[Captioned web image data]
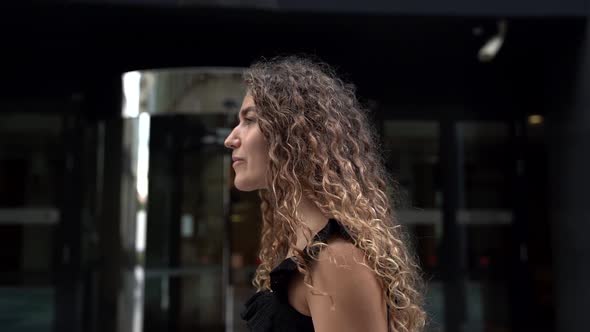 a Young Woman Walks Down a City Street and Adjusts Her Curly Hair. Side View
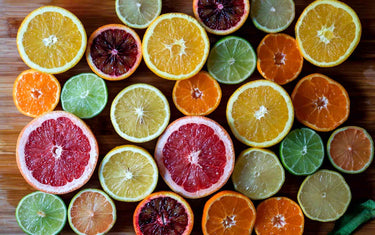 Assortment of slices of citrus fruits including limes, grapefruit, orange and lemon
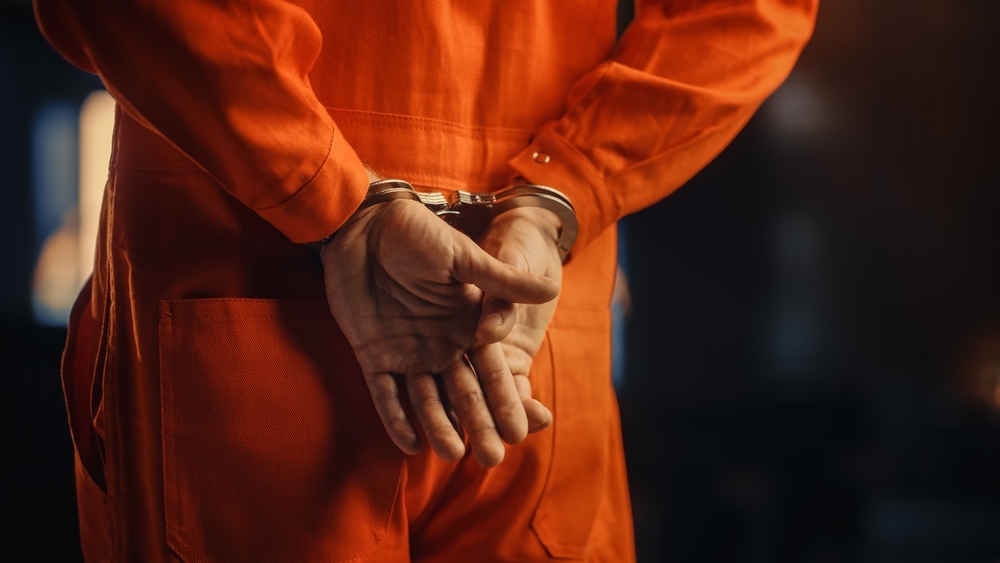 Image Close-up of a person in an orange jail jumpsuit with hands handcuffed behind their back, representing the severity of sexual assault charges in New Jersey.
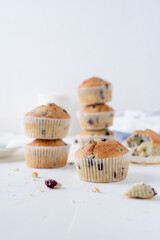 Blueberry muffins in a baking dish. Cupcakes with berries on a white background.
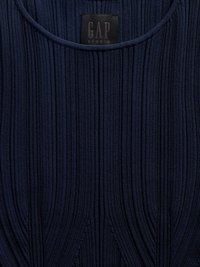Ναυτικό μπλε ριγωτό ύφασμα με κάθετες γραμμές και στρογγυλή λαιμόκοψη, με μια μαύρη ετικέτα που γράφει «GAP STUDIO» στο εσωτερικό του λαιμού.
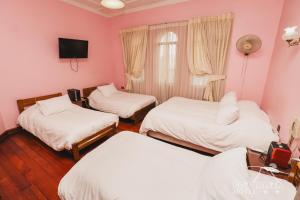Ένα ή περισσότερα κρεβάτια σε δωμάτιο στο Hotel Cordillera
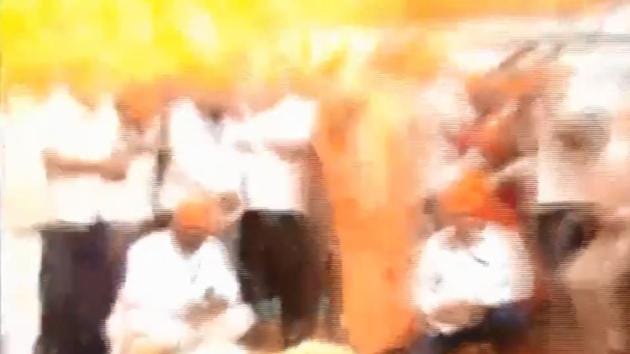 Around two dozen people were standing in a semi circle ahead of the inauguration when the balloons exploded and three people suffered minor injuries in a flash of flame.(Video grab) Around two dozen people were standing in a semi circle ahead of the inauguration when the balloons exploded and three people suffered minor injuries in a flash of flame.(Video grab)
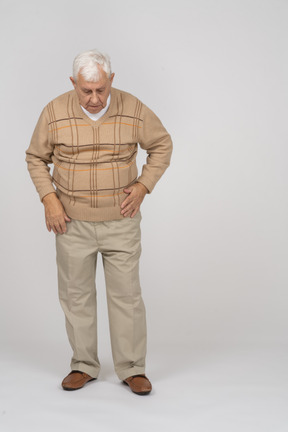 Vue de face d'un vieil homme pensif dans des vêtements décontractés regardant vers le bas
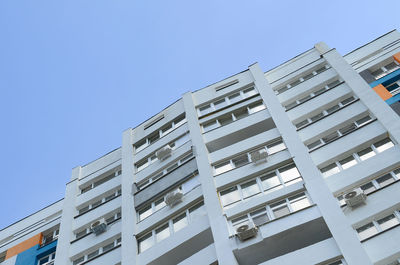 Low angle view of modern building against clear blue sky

▸ BRIEF
Please extract exactly the lines of the data, from the first through the line containing "Assortment of slices", and add no pictures to the copy.

▸ WORKED SOLUTION
 a Young Woman Walks Down a City Street and Adjusts Her Curly Hair. Side View
 Assortment of slices of citrus fruits including limes, grapefruit, orange and lemon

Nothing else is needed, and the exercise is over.